A lengthy set of support enumeration calculations

In today’s class we worked through the support enumeration algorithm. This involved some discussions about what the algorithm is based on but also a bunch of tedious linear equations.

A recording of the class is available here.

We applied the algorithm described here to the zero sum game defined by:

\[A = \begin{pmatrix} 0 & -1 & 1\\ 1 & 0 & -1\\ -1 & 1 & 0 \end{pmatrix}\]

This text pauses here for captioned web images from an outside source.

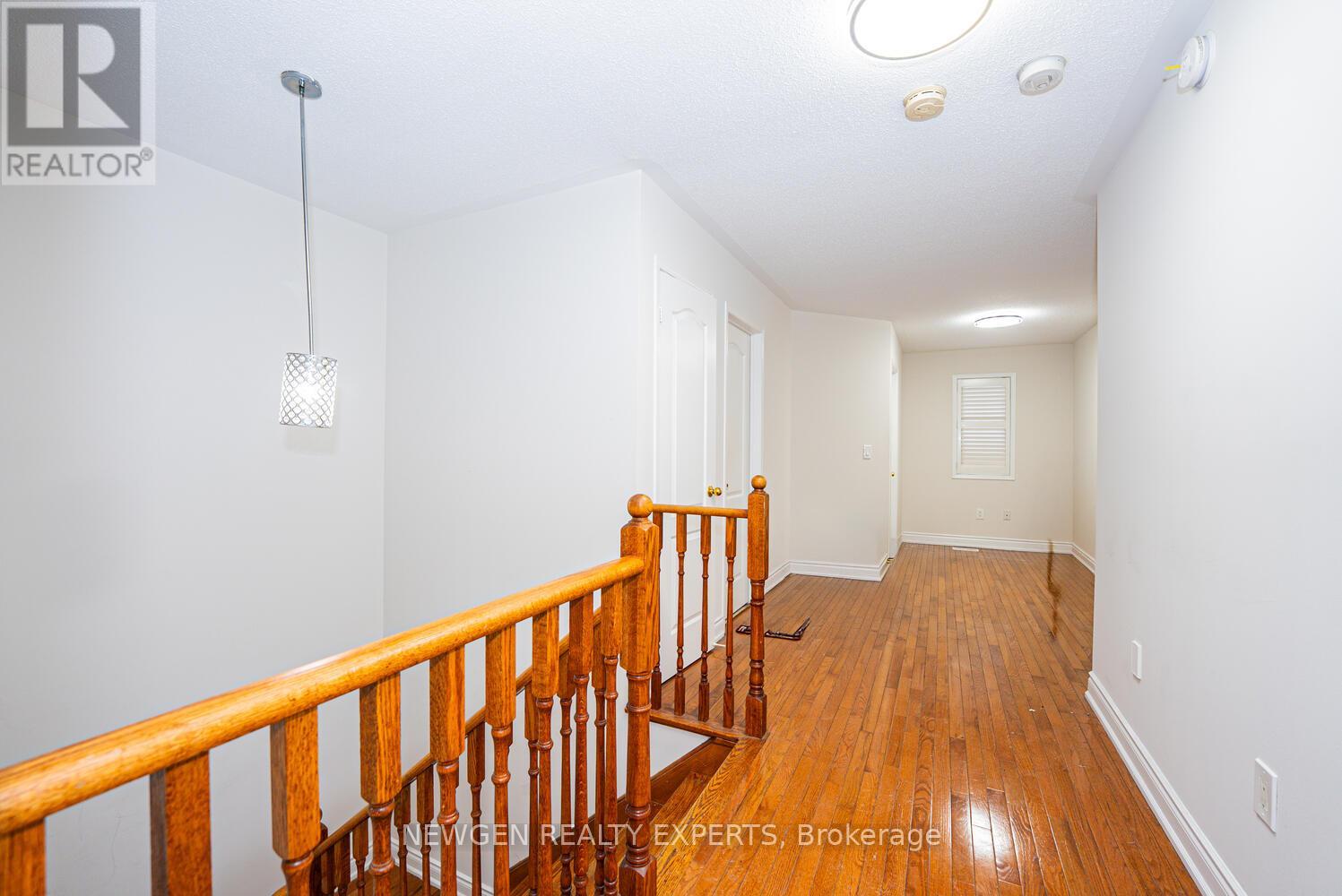 321 Queen Mary Drive, Brampton, Ontario  L7A 3S6 - Photo 19 - W12787768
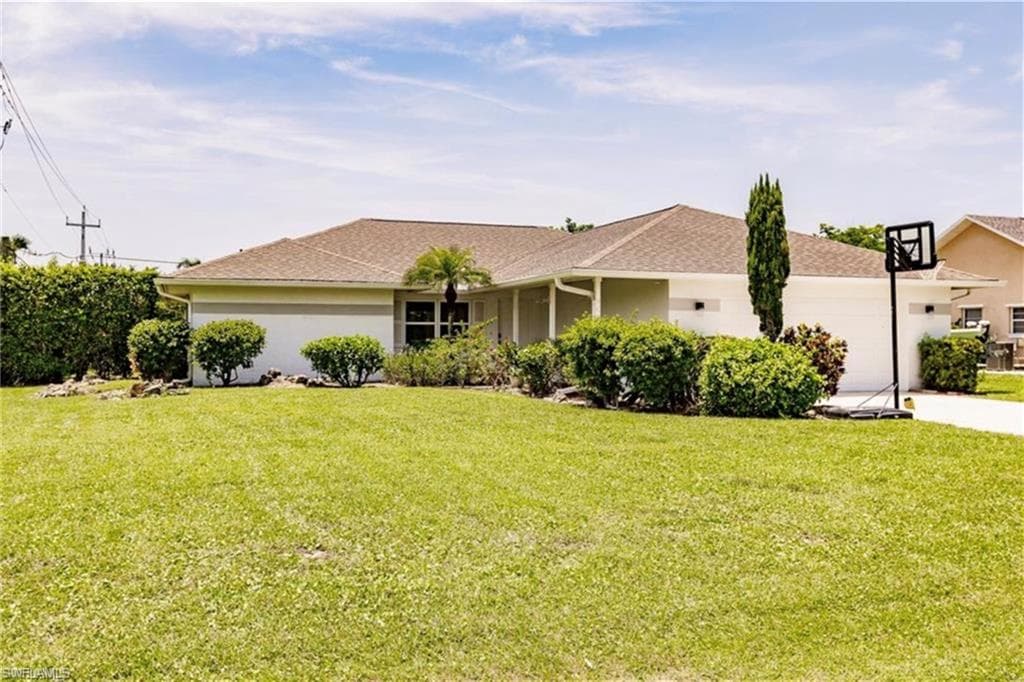 96 Wickliffe DR, NAPLES FL 34110-1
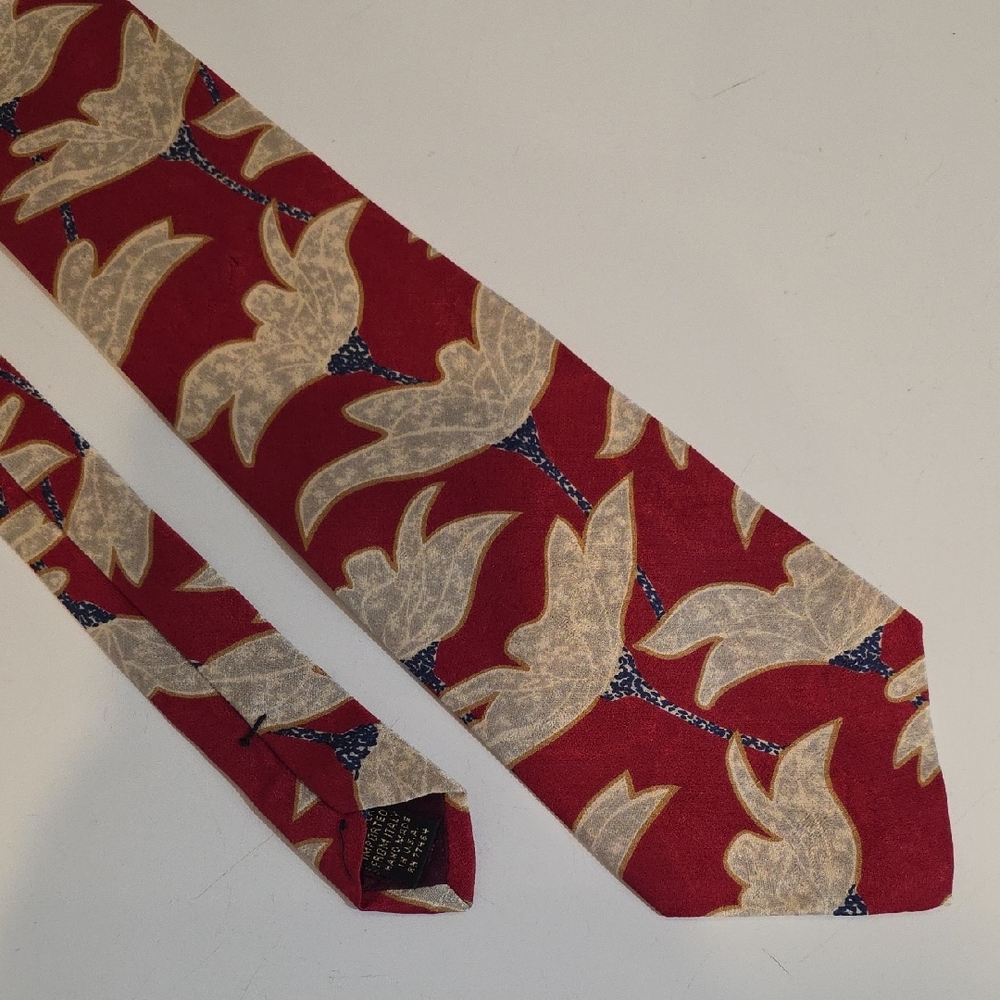 Anne Klein Men Vintage 57.5" Silk Floral Neck Tie‎ Red, Cream, Blue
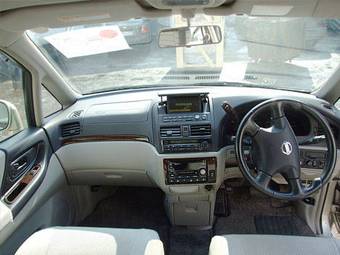 2002 Nissan Bassara Pictures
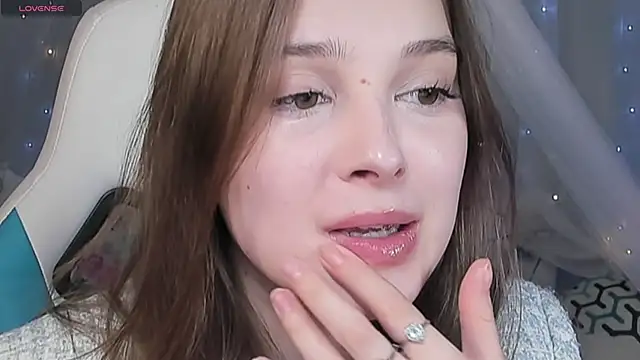 kaisajenner online show from March 2026 04:24:02 PM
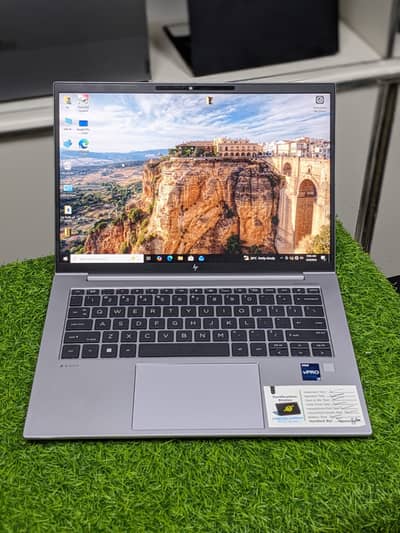 HP ZBook Firefly G9 i7 12th Gen 16GB DDR5 256GB SSD FHD Backlit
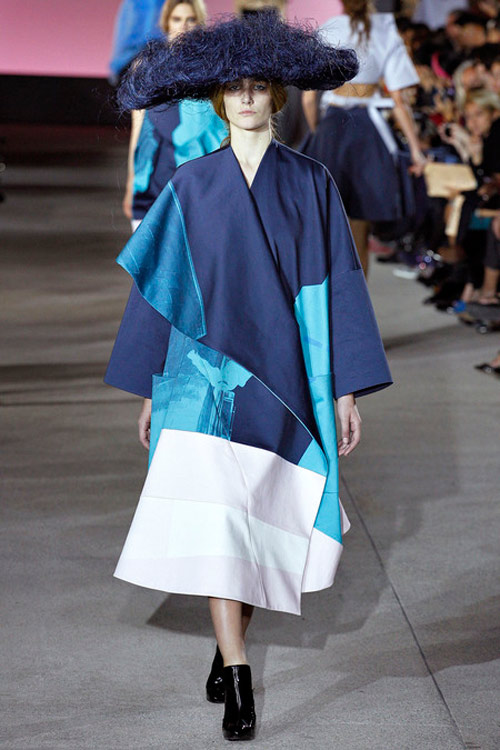 Dấu ấn văn hóa Nhật ở sàn catwalk Paris - 12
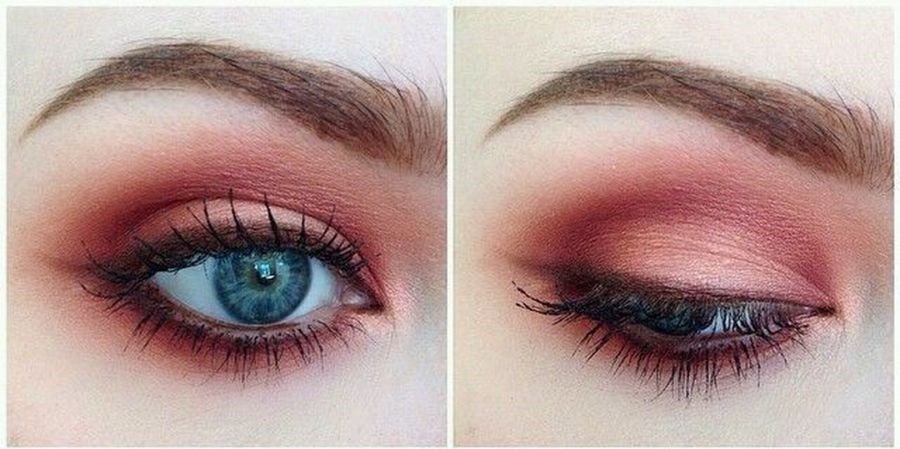 Đôi mắt với trang điểm màu hồng và đỏ, một bên mở và một bên nhắm, thể hiện phong cách cá tính.
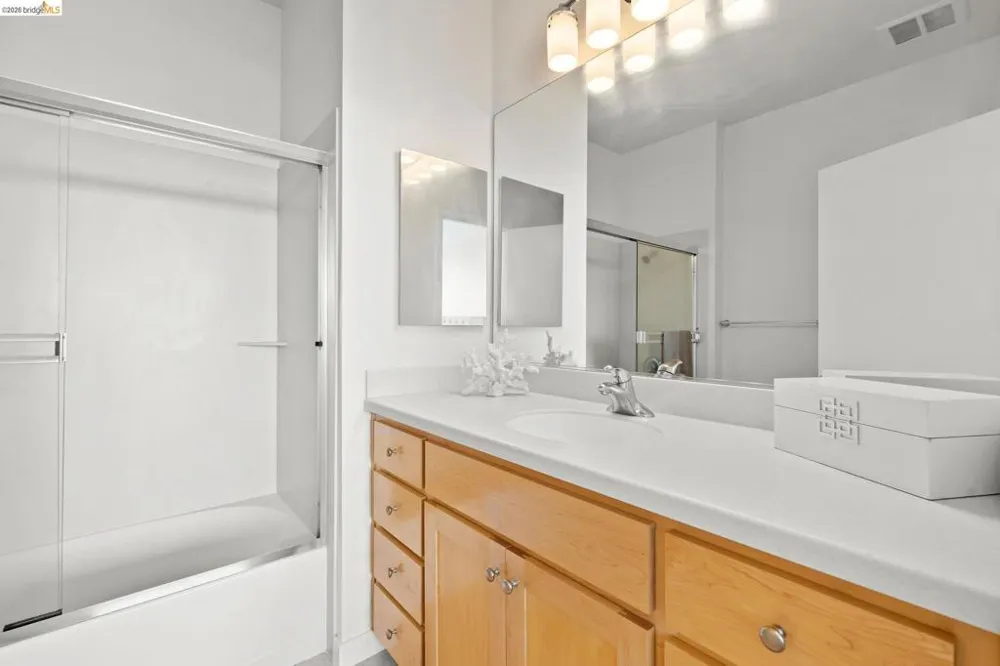 1780 12TH ST Oakland, CA 94607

The basic idea behind the algorithm is as follows:

Assume what actions are played by both players (this is called the supports of the strategies
Identify the strategies that ensure that indeed all actions of the chosen supports will be played: this only happens if all actions in the support itself have the same expected utility.
Check that there is no better outside of the supports chosen.

We considered the supports of size 1: there are no single pairs of actions that are pairs of best responses to each other.

We considered 2 pairs of supports of size 2:

\(I = \{R, P\}\) (the row player only using Rock and Paper) and \(J=\{R, P\}\) (the column player also only using Rock and Paper). This lead to a contradiction (at step 2 of the above general idea) where there would be no probabilities that work.
\(I = \{R, P\}\) (the row player only using Rock and Paper) and \(J=\{P, S\}\) (the column player only using Paper and Scissors). This lead to a contradiction (at step 3 of the above general idea) the row player would benefit from playing Scissors.

That is 2 of the 9 possible pairs of supports of size 2.

We then considered both players playing all 3 strategies which lead to a Nash equilibria of:

\[\sigma_r = (1/3, 1/3, 1/3) \qquad \sigma_c = (1/3, 1/3, 1/3)\]

Indeed in this case we have:

\[\max(A\sigma_c) = \begin{pmatrix}0\\0\\0\end{pmatrix}\]

(the important thing is not that the values are 0 but that they are all the same)

and:

\[\sigma_r A \sigma_c = \max(A\sigma_c)\]

and there are no strategies outside of the support (because they’re all being played) that could do better.

This all corresponds to the best response condition.

With a few more minutes, I wanted to show how to use support enumeration with Nashpy, you can see the video describing this: “Using Python to find Nash Equilibria with Nashpy - YouTube Private”

Here is some code to recreate everything we did today:

import numpy as np
import nashpy as nash

A = np.array(
    (
        (0, -1, 1),
        (1, 0, -1),
        (-1, 1, 0),
    )
)
rps = nash.Game(A)
list(rps.support_enumeration())

A student come up to me after class and made a great point: “this seems incredibly inefficient”: this is absolutely correct. Support enumeration is essentially a “from first principles” algorithm. It is robust but slow. Some alternatives (that are not considered in the class but might be useful to you in your group projects):

Vertex enumeration.
Lemke Howson algorithm: this is essentially state of the art and takes advantage of things computers can do very quickly. BUT it is not guaranteed to obtain all the equilibria.